Ya sabía yo que las malas relaciones Iglesia-Estado era una milonga para entretener. El ministro José Blanco y el obispo Carrasco han firmado un convenio para restaurar la catedral de Lugo, esa joya tan poco conocida y menos valorada por los propios lucenses. Blanco y Carrasco, o sea, el ministro socialista y el obispo católico, se han puesto de acuerdo y salen en las fotos dándose la mano y sonriendo. Pasarán a la historia como ejemplo de concordia, civilidad, espíritu de entendimiento y superación de diferencias.
Sería bueno que otros, políticos y no políticos, les copiasen el gesto. El presidente del Congreso, José Bono, es católico practicante y he leído en alguna parte que el ministro José Blanco no renuncia a sus creencias religiosas.
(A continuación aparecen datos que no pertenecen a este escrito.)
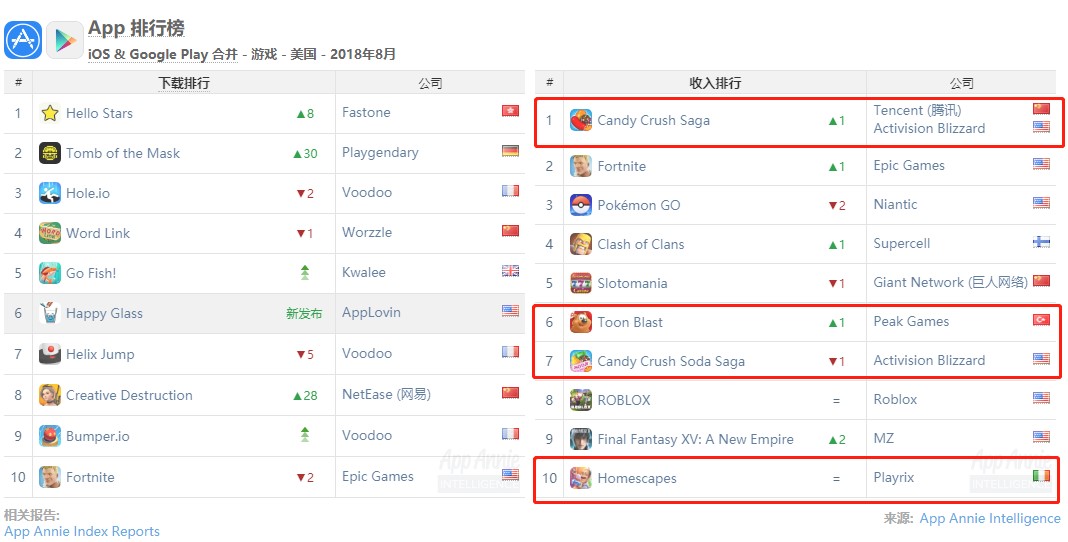 《糖果传奇》仅10月份的收入就达到1.28亿美元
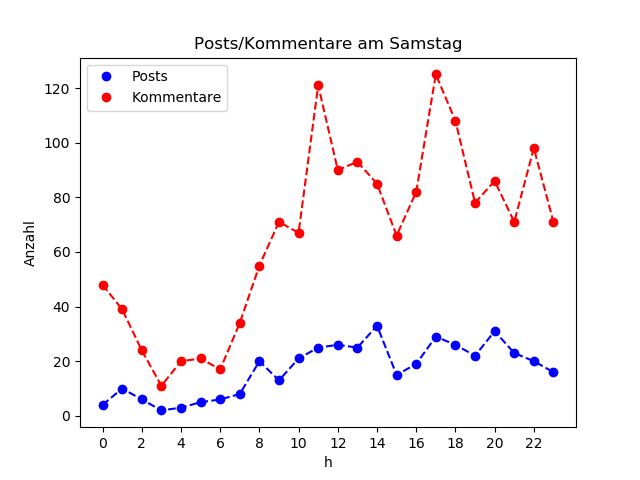 dia_Samstag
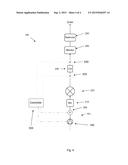 System and Method for Controlling a Liquid Chromatography Systems diagram and image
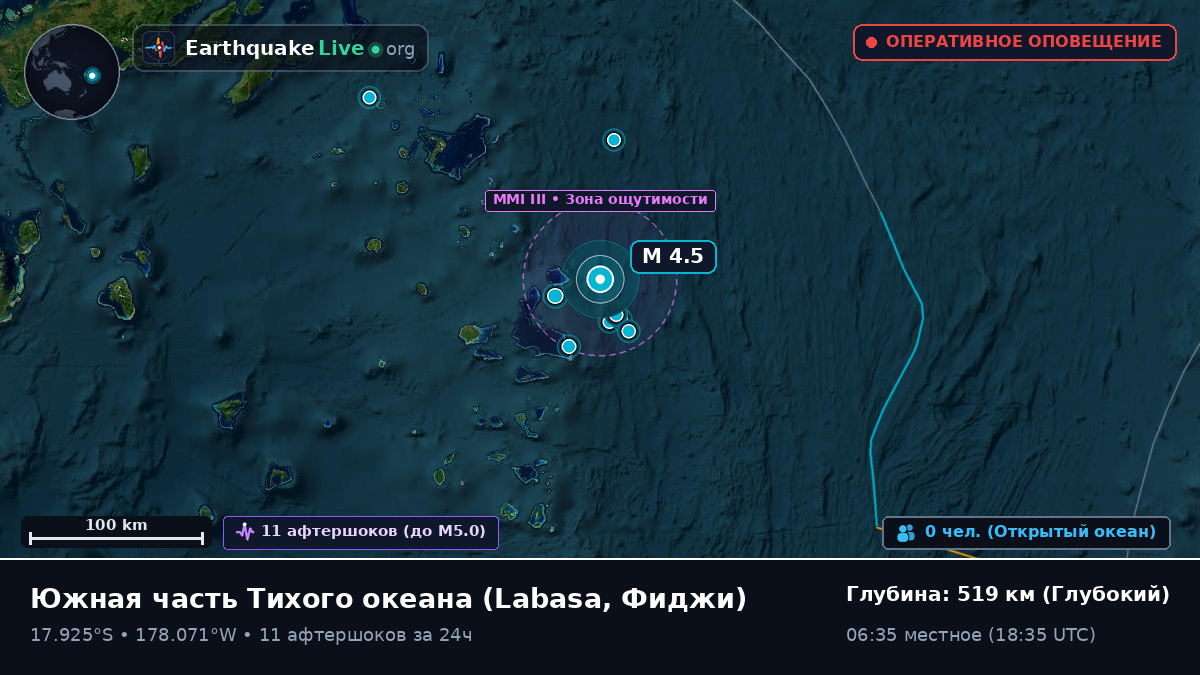 Южная часть Тихого океана (Фиджи)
Esto tiene mérito sabiendo que el Gobierno socialista de Zapatero ha tenido importantes conflictos con la jerarquía eclesiástica. Pero yo pienso que la clave está en que ambos son gallegos. Blanco es político que maneja con soltura las relaciones. Ahí está inaugurando el AVE de Valencia, abrazado al Rey, y saludando al Papa cuando vino a Santiago.
Blanco daría un excelente ministro de Asuntos Exteriores y no digamos embajador en la Santa Sede, donde otro gallego, Paco Vázquez, ejerce de cardenal laico. A los gallegos nos va la diplomacia. Ya sé que me van a decir que por el medio está la política y los votos. Y, ¿qué?
Yo prefiero un ministro que se santigüe a uno que me niegue la paz en la misa. Es fama, además, que hablando de política, la Iglesia es madre y maestra. ¿El abrazo Blanco-Carrasco es, pues, político?. Nada que objetar.